Justamente por não ter expressado de forma clara sua intenção de interferir na PF, mesmo que o contexto indique isso, Bolsonaro alega que não fez nada de errado. Ele explica que ao falar em trocar a “segurança” estava se referindo a agentes subordinados ao Gabinete de Segurança Institucional (GSI), comandado pelo general Augus­to Heleno, que reforçou essa tese de defesa em seu depoimento. Ministros do governo dizem que o presidente está tranquilo quanto à divulgação do vídeo. Segundo eles, a estratégia de Bolsonaro é a mesma utilizada com relação a seus exames de coronavírus, ou seja, dar publicidade apenas se houver ordem judicial. Na última quarta-feira, somente depois de o caso chegar ao STF, o presidente divulgou o resultado de seus testes — todos mostram negativo para a Covid-19. “É claro que há alguns comentários constrangedores na reunião, informais, mas nada que exponha criminalmente o presidente e confirme as acusações de Moro”, garante um assessor que assistiu ao vídeo.

O ministro Celso de Mello ainda vai analisar o que disseram todos os personagens citados na acusação de Sergio Moro e as provas. Por enquanto, os depoimentos prestados pouco avançaram no sentido de revelar evidências concretas de que o presidente cometeu crimes.

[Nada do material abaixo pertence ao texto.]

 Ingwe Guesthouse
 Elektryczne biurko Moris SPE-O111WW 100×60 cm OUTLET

Braço direito do ex-ministro da Justiça e pivô da demissão dele, o ex-diretor da PF Maurício Valeixo, exonerado por Bolsonaro, apresentou uma versão favorável ao presidente ao dizer que desconhecia qualquer tentativa direta de interferência na PF. As pressões do presidente eram dirigidas diretamente ao ex-ministro da Justiça. Os generais Augusto Heleno, Braga Netto e Luiz Eduardo Ramos também não revelaram nada que pudesse comprometer o Bolsonaro. Indagados pontualmente sobre as suspeitas, Ramos disse que não se recordava se o presidente havia ameaçado demitir Moro. Heleno não se lembrou se Bolsonaro pediu acesso aos relatórios de inteligência da PF. E Braga Netto também se esqueceu dos detalhes da conversa que teve com o ex-ministro da Justiça sobre as mudanças na polícia — um surto de amnésia.

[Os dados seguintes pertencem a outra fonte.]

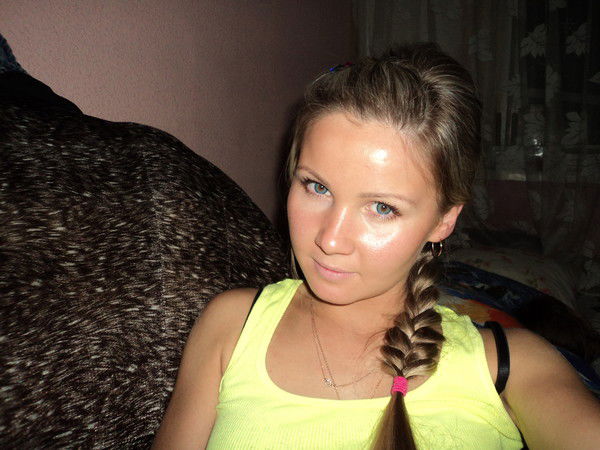 Галина Федорова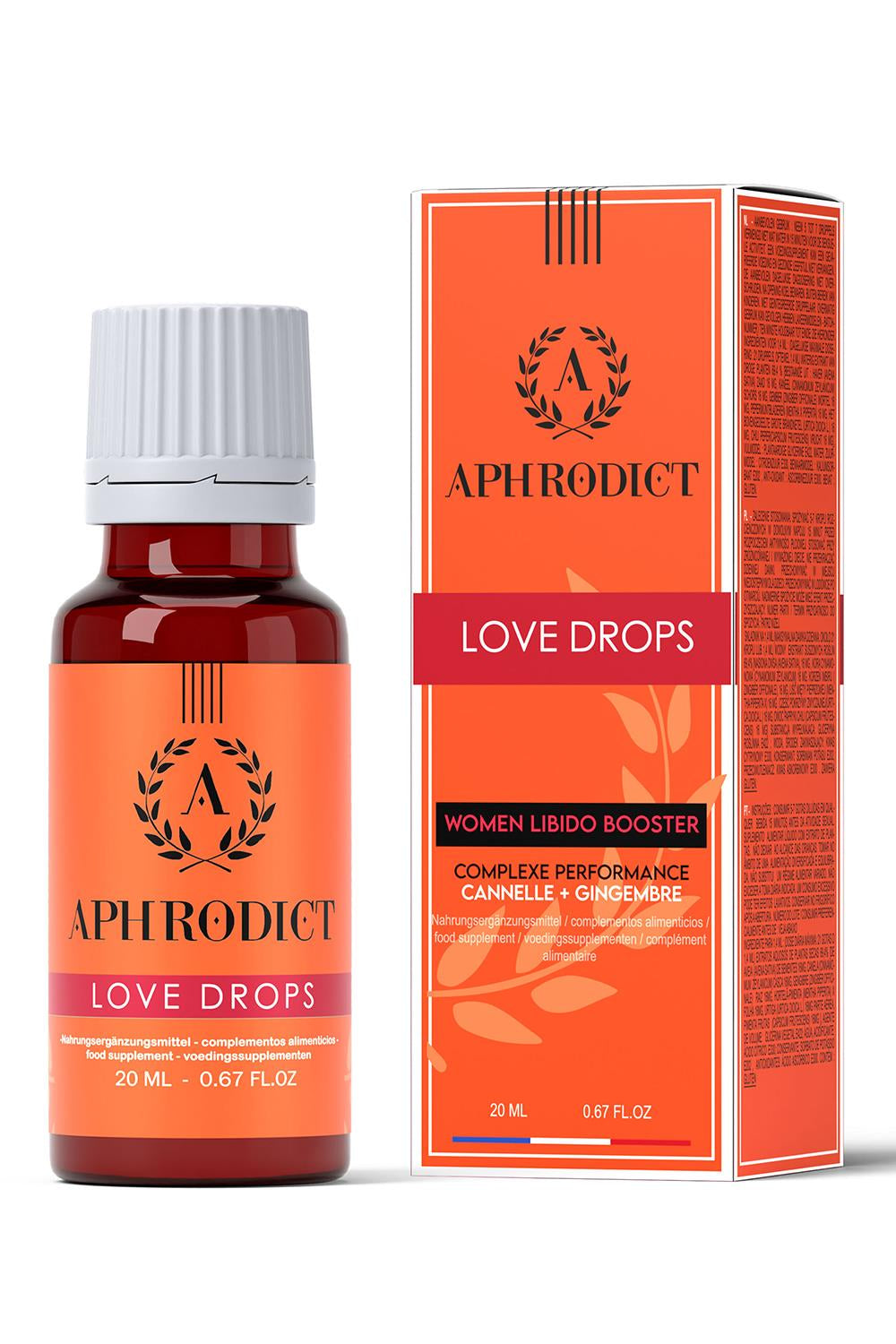 APHRODICT LOVE DROPS 20ML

Ao deixar o governo, o ex-juiz da Lava-Jato não acusou diretamente o presidente de ter praticado algum crime. Mas fez graves imputações. Moro explicou que se demitiu por não aceitar interferências políticas na Polícia Federal. Citou principalmente a pressão do presidente para trocar o superintendente da PF no Rio de Janeiro — o que, afinal, se concretizou na semana retrasada. Bolsonaro, segundo o ex-ministro da Justiça, também queria ter acesso a relatórios de inteligência do órgão, indagava sobre apurações que tinham aliados políticos como alvo e cobrava resultados da investigação do atentado que sofreu durante a campanha. O presidente exonerou o diretor-geral Maurício Valeixo sem avisar Sergio Moro, que, em protesto, se demitiu. O procurador-geral da República, Augusto Aras, pediu a abertura do inquérito para investigar eventuais crimes que podem ter sido praticados por Bolsonaro ou pelo ex-ministro.

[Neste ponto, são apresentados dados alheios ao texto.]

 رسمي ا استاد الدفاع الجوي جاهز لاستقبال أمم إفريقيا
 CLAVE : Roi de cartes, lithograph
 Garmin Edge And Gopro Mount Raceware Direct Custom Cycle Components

Esta é a segunda quarentena que o ministro Celso de Mello impõe a si mesmo na última década. Na primeira, em 2013, passou um tempo isolado preparando o voto que, no julgamento do mensalão, admitiria uma nova rodada de recursos para os condenados no caso, como o ex-colega de pensão José Dirceu. Na época, desabafava todas as noites com um amigo a brutal pressão que estava sofrendo da opinião pública para que indeferisse o pedido dos mensaleiros, o que não aconteceu. Às vésperas da aposentadoria, o decano continua sendo a voz mais potente do Supremo em defesa das liberdades individuais. Tornou-se também um contundente crítico do governo. Ele já afirmou que o presidente minimiza perigosamente a importância da Constituição. Em uma de suas notórias decisões, chegou a advertir que “ninguém, absolutamente ninguém, tem legitimidade para transgredir e vilipendiar a Constituição”. Nem precisou explicar a quem estava se dirigindo.